Without the pictures, retype each line below exactly as it stands.

Dataset excerpt:

################

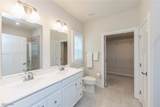 300 Kelley Drive - Photo 26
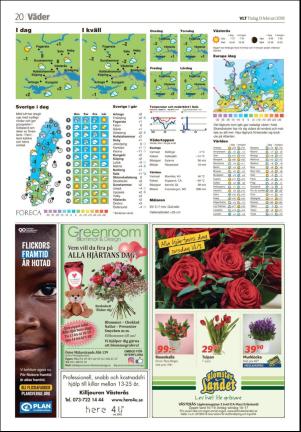 vestmanlandslanstidning-20180213_000_00_00_020.pdf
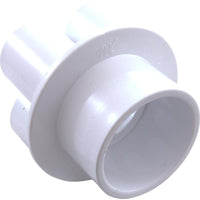 Manifold, 3/4" Slip, 4 Port, Transition, 1-1/2" Slip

################

Problem solution:
 300 Kelley Drive - Photo 26
 vestmanlandslanstidning-20180213_000_00_00_020.pdf
 Manifold, 3/4" Slip, 4 Port, Transition, 1-1/2" Slip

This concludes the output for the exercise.